*BRIEF:* Skip all pictures; return exactly the lines from the one containing "Susza drastycznie wpływa" through the end of the data.

*AVAILABLE DATA:*
|---|
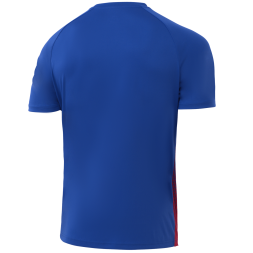 Футболка игровая JOGEL CAMP Striped Jersey, красный/синий, детский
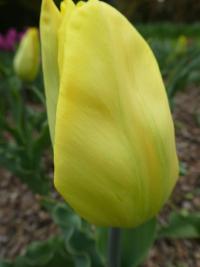 Tulipán 'Yellow Flight' - Triumph tulipány (Tulipa)
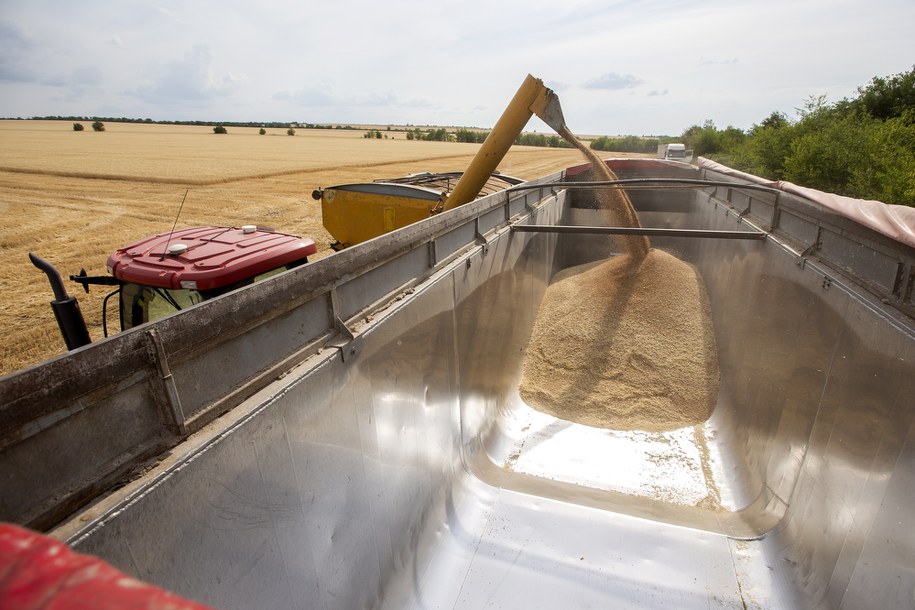 Susza drastycznie wpływa na tegoroczne zbiory upraw w Mołdawii /DUMITRU DORU /PAP/EPA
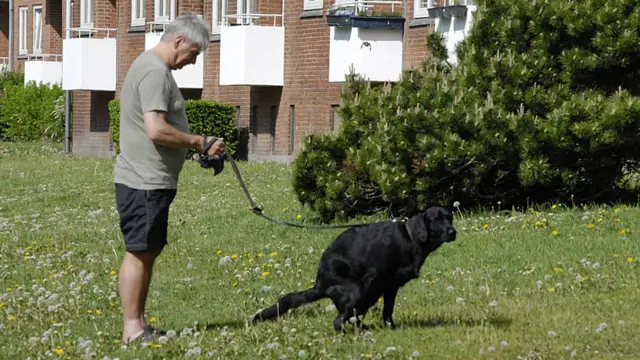 Чоловік вигулює собаку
|---|
*ANSWER TO THE PROBLEM:*
 Susza drastycznie wpływa na tegoroczne zbiory upraw w Mołdawii /DUMITRU DORU /PAP/EPA
 Чоловік вигулює собаку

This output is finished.